START Data for this exercise
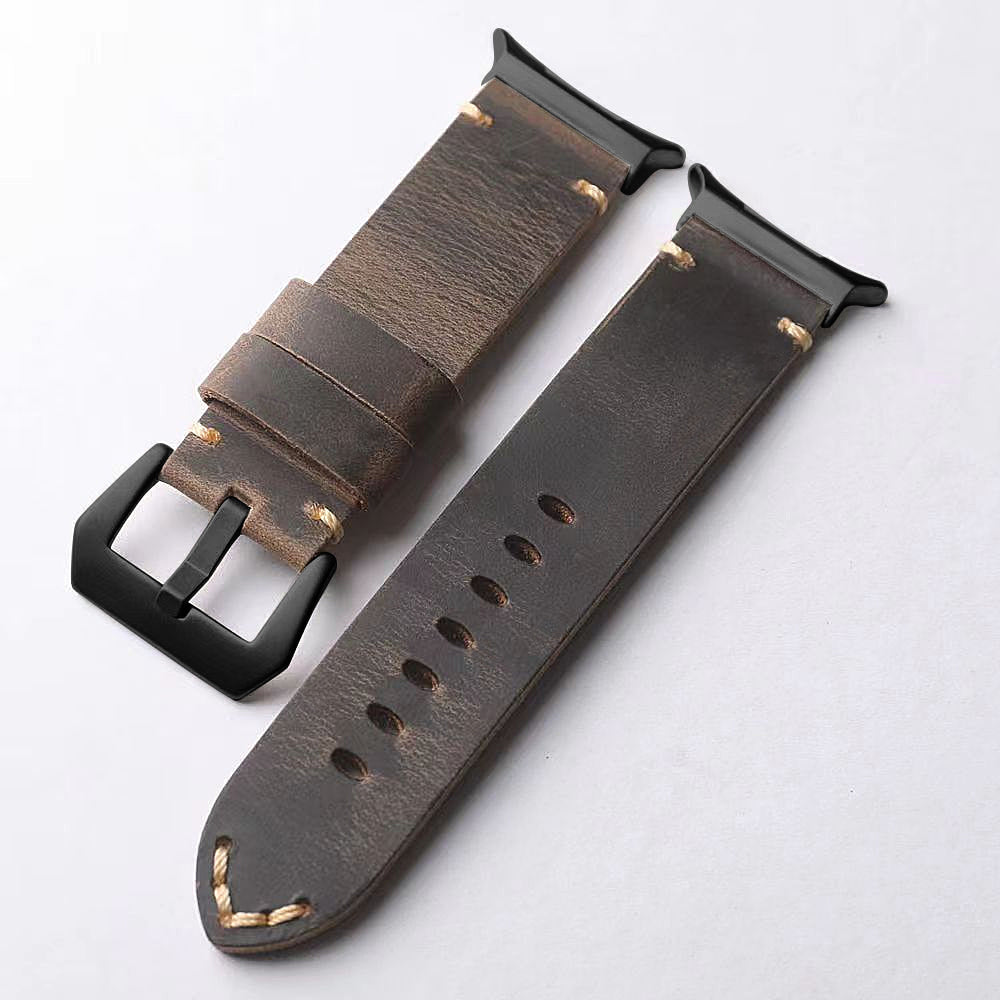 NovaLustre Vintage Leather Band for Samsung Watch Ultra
END Data for this exercise
START Data for this exercise
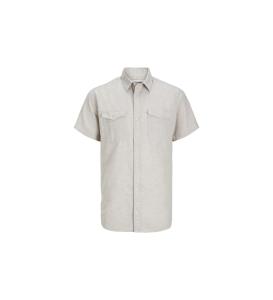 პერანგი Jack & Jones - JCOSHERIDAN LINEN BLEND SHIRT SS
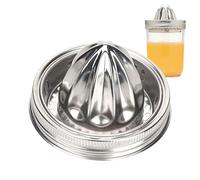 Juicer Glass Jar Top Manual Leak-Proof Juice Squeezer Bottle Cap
END Data for this exercise
START Data for this exercise
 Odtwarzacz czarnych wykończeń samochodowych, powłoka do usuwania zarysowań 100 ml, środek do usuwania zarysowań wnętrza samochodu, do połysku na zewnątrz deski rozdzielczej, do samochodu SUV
END Data for this exercise
**Your assignment**
Go to the line above that contains "პერანგი Jack &" and reproduce everything exactly from there through the line that contains "Juicer Glass Jar", leaving out the pictures.

**Expected answer**
 პერანგი Jack & Jones - JCOSHERIDAN LINEN BLEND SHIRT SS
 Juicer Glass Jar Top Manual Leak-Proof Juice Squeezer Bottle Cap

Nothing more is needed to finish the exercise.